Bu yönleriyle Gürcistan, mülk sahipliği açısından bölgedeki en kolay ve en anlaşılır sistemlerden birine sahiptir.

BAE (Dubai). BAE, Türk yatırımcılar dahil yabancıların, belirlenmiş freehold bölgelerinde tam mülkiyet hakkıyla gayrimenkul satın almasına izin verir. Oturum izni zorunlu değildir; ancak satın alma sürecinde proje ve belgelerle ilgili ek doğrulama adımları olabilir.

Vergi sistemi dünyanın en avantajlılarından biridir:

  • Kira gelirinden vergi alınmaz.

  • Sermaye kazancı vergisi yoktur, bu nedenle satışta ek vergi yükü oluşmaz.

  • Yıllık emlak vergisi bulunmaz; ancak belediyeler tarafından alınan hizmet/konut kullanım ücreti vardır ve genellikle yıllık kira değerinin %5’i civarındadır.

  • Satın alma sırasında ödenen tapu kayıt ücreti genellikle mülk değerinin %4’üdür.
     

Bu sayede BAE, yatırımcılar için düşük vergi yükü ve yüksek şeffaflık sunan en cazip pazarlardan biri olarak öne çıkıyor.

Balkanlar (Bulgaristan ve Karadağ örneği). Balkan ülkelerinde yabancılar konut ve şehir içi gayrimenkullerini serbestçe satın alabilirler.
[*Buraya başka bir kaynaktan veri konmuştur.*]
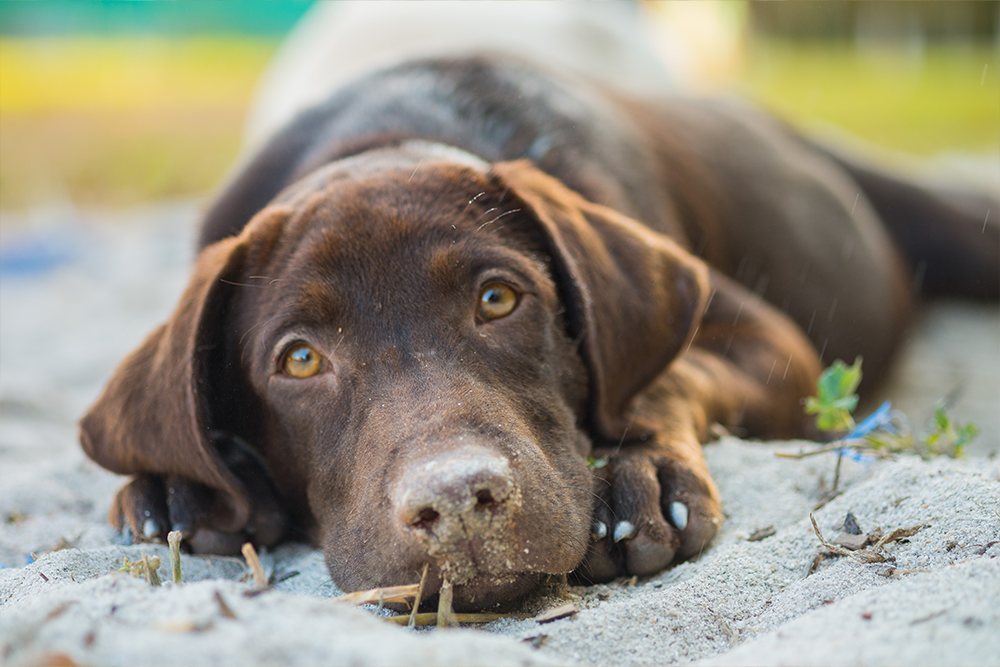 Bruine hond met puppy ogen 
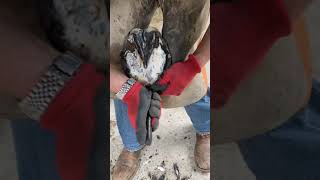 Complete satisfying asmr farrier horses asmrsounds [upl. by Sisson]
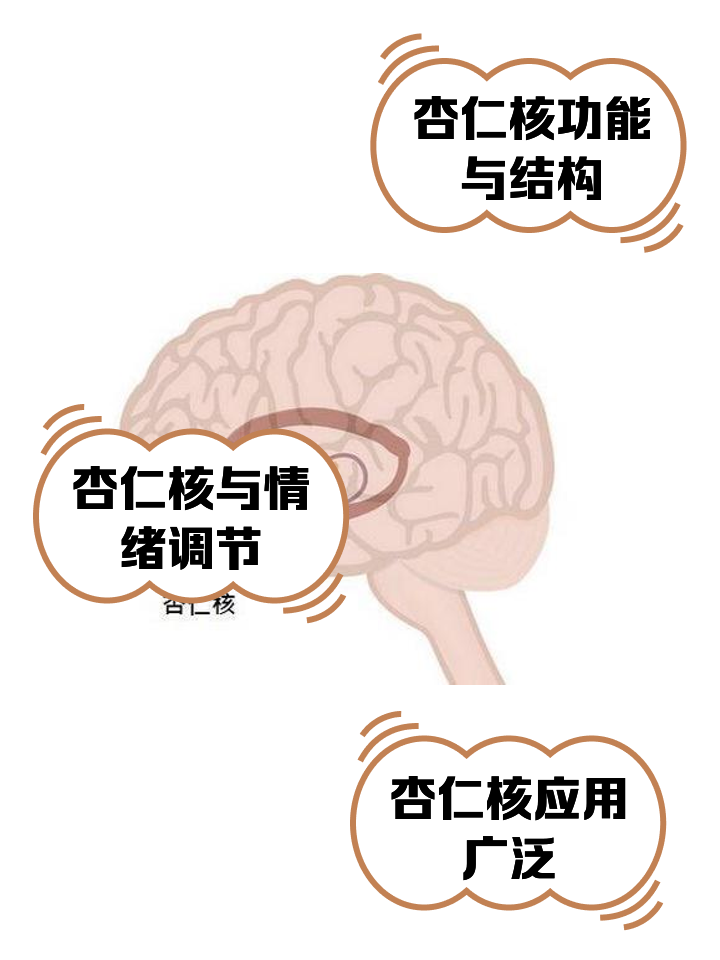杏仁核
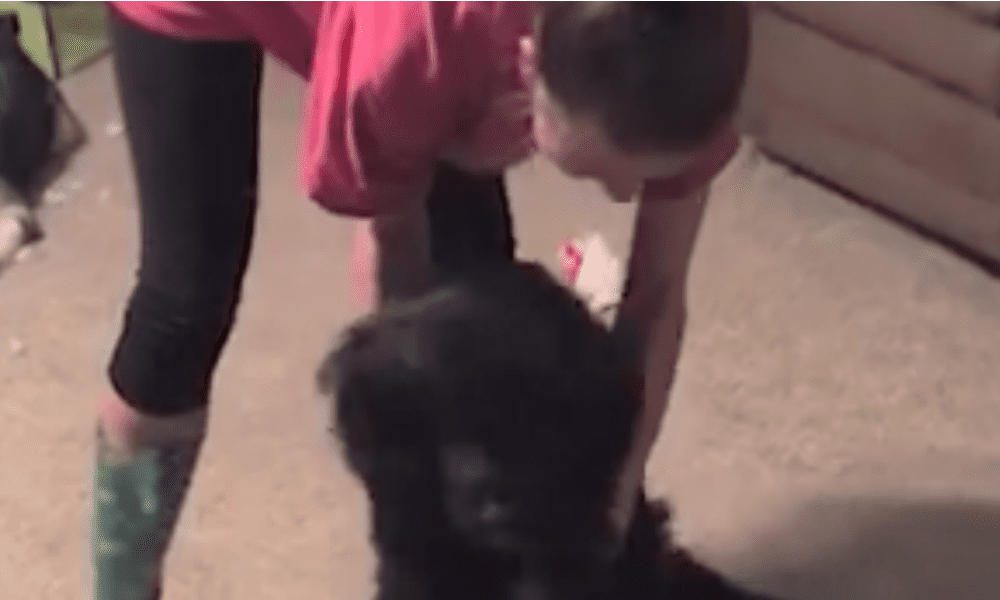 Il cane si finge morto per non fare il bagno [VIDEO]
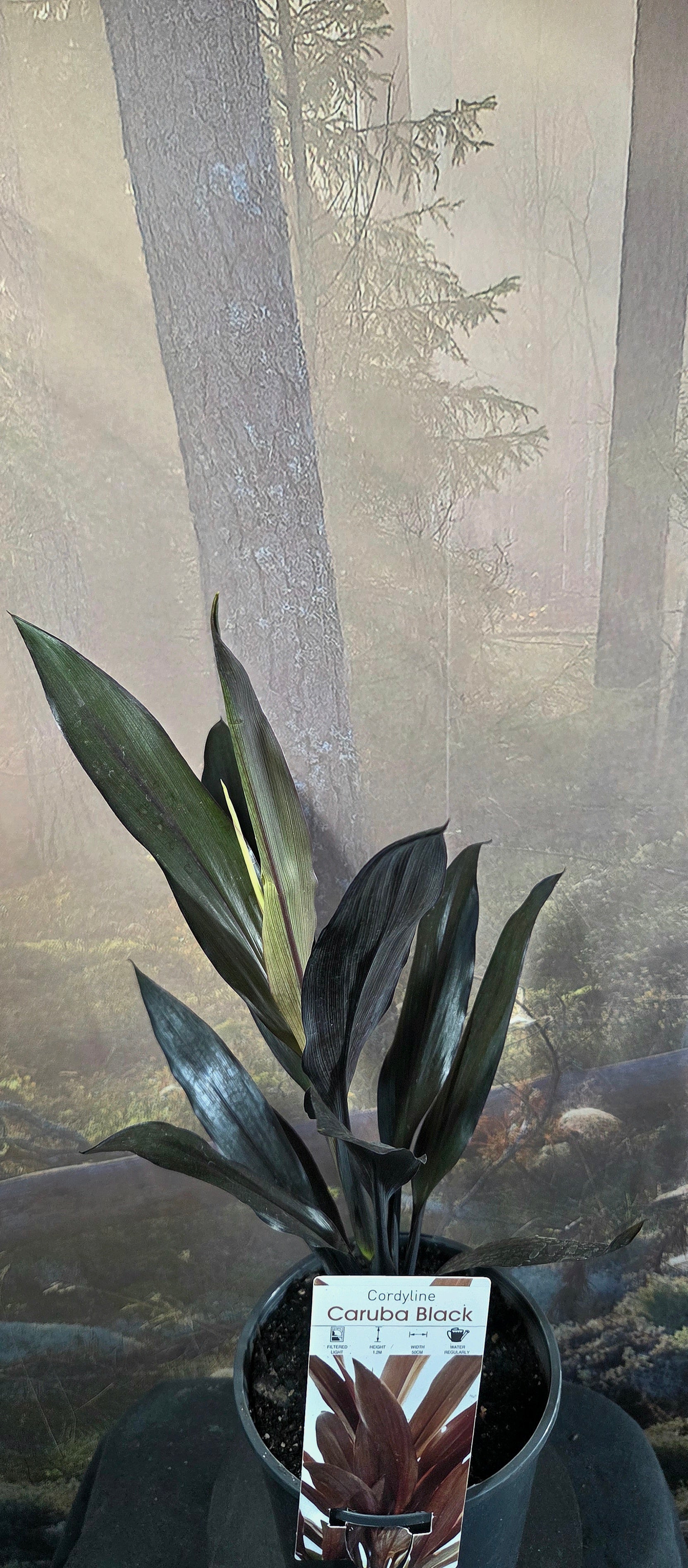 Cordyline Caruba Black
Kısıtlamalar genellikle yalnızca tarım arazileri ve bazı stratejik bölgelerdedir.

Vergi yapısı orta seviyededir:

  • Bulgaristan’da kira geliri dahil tüm gelirler %10 sabit gelir vergisi ile vergilendirilir.

  • Yerel belediye vergileri ve yıllık emlak vergileri ek olarak uygulanır.

  • Karadağ’da gelir vergisi ve emlak vergisi oranları nispeten düşük olup kira gelirleri beyan edilerek vergilendirilir.
     

Bu ülkelerdeki mali yük, Batı Avrupa’ya kıyasla belirgin şekilde daha düşüktür.

Yurtdışı gayrimenkul yatırımlarında karşılaşılan başlıca riskler ve bu riskleri azaltma yolları

Yurtdışında gayrimenkul yatırımı, özellikle Türkiye’den çıkan yatırımcılar için cazip bir seçenek olsa da, başlangıç aşamasında çoğu kişinin farkında olmadığı çeşitli riskleri beraberinde getirir. Piyasa fiyatları veya kira getirisi ne kadar çekici görünse de, yerel mevzuatın bilinmemesi, talep dinamiklerinin yanlış yorumlanması ya da hukuki detayların gözden kaçması, yatırımın toplam getirisini ciddi şekilde düşürebilir. Bu nedenle, tanıtım materyallerinde veya geliştirici sunumlarında yer almayan faktörleri önceden dikkate almak büyük önem taşır.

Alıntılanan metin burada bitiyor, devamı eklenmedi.